* Given records:
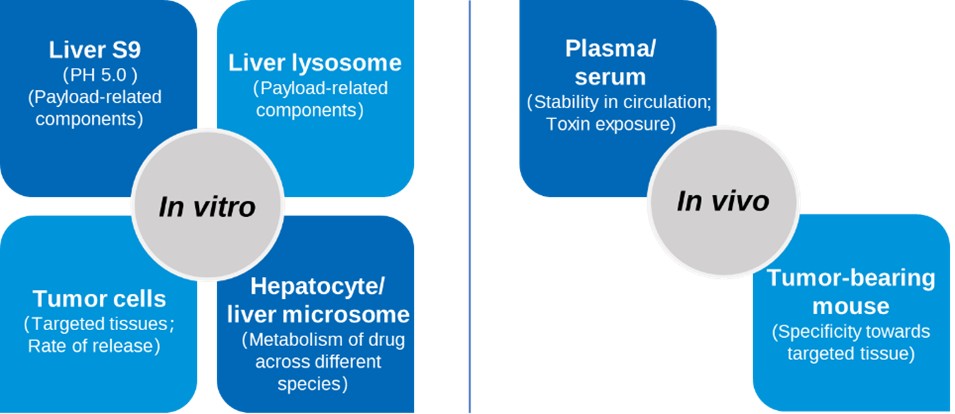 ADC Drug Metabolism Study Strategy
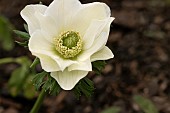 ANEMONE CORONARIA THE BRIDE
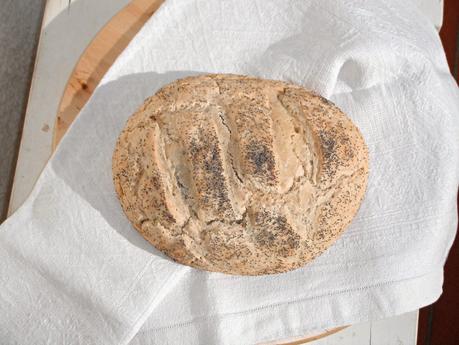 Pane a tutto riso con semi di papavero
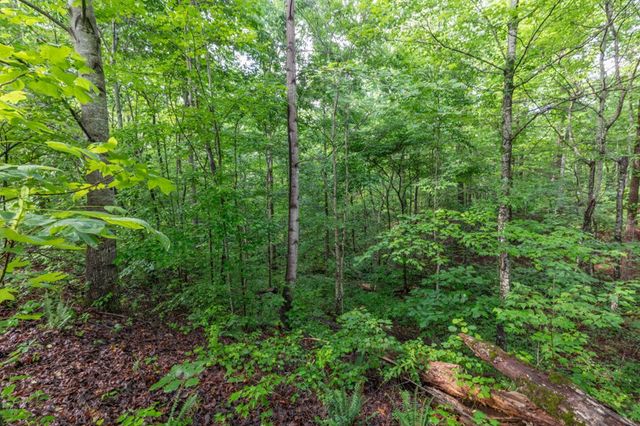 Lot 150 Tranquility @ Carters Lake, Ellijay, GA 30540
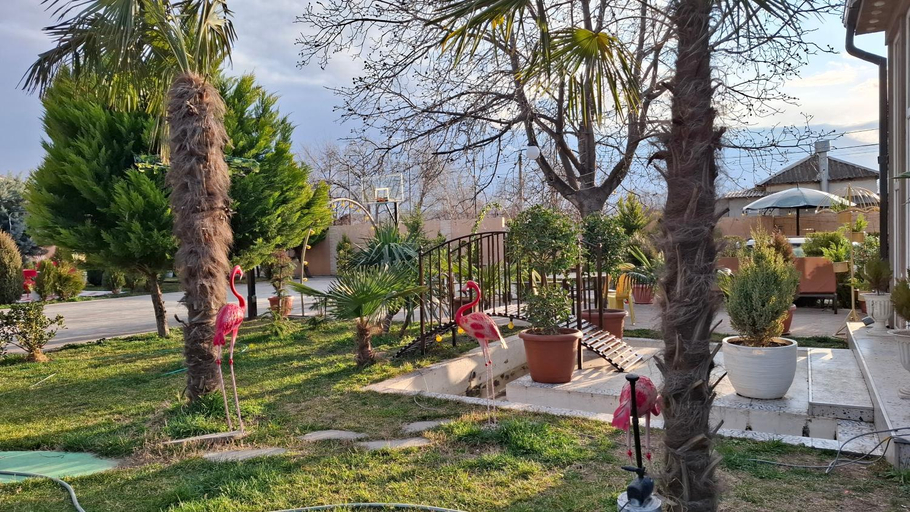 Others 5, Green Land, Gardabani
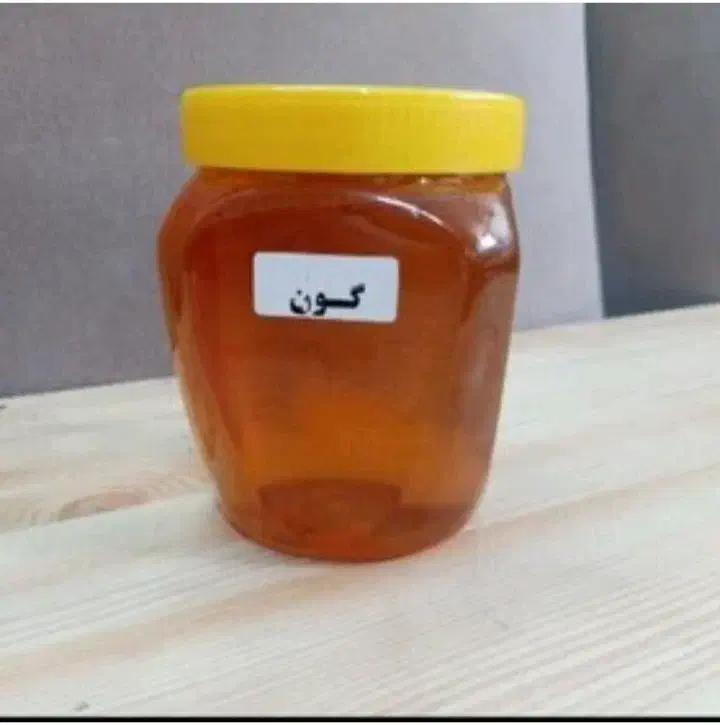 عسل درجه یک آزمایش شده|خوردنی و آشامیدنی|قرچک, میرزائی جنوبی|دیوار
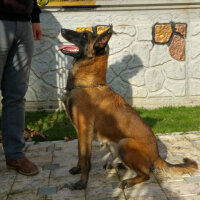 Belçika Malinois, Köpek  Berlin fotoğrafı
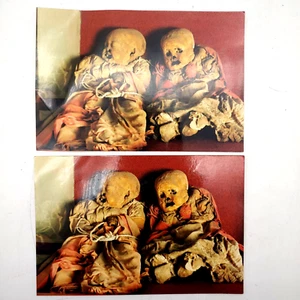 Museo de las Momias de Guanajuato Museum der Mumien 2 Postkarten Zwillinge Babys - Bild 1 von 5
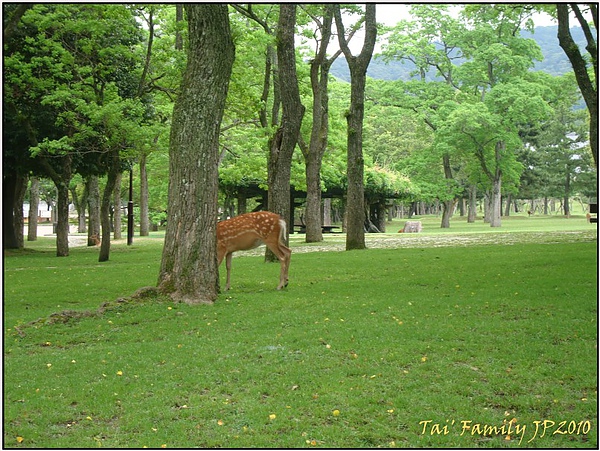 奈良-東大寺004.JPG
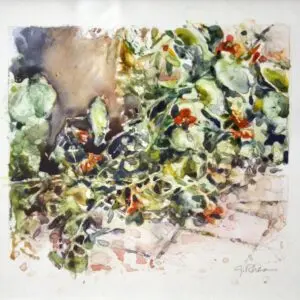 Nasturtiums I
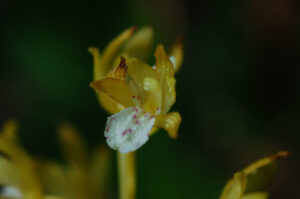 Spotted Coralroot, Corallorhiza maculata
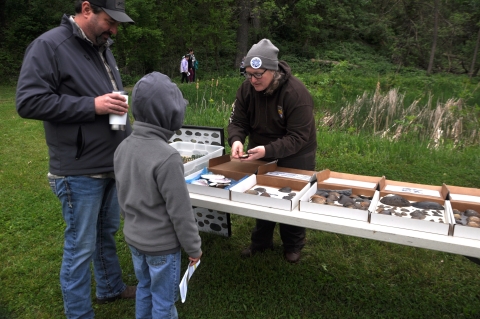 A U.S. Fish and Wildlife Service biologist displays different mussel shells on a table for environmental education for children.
--
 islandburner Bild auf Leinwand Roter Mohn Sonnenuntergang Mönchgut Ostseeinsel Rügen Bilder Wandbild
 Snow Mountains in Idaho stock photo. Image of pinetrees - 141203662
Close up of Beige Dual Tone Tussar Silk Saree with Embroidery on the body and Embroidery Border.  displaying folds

* Your assignment:
Within the listing above, extract exactly the lines that run from the one containing "Lot 150 Tranquility" through the one containing "Spotted Coralroot, Corallorhiza maculata", excluding any pictures.

* Result of this exercise:
 Lot 150 Tranquility @ Carters Lake, Ellijay, GA 30540
 Others 5, Green Land, Gardabani
 عسل درجه یک آزمایش شده|خوردنی و آشامیدنی|قرچک, میرزائی جنوبی|دیوار
 Belçika Malinois, Köpek  Berlin fotoğrafı
 Museo de las Momias de Guanajuato Museum der Mumien 2 Postkarten Zwillinge Babys - Bild 1 von 5
 奈良-東大寺004.JPG
 Nasturtiums I
 Spotted Coralroot, Corallorhiza maculata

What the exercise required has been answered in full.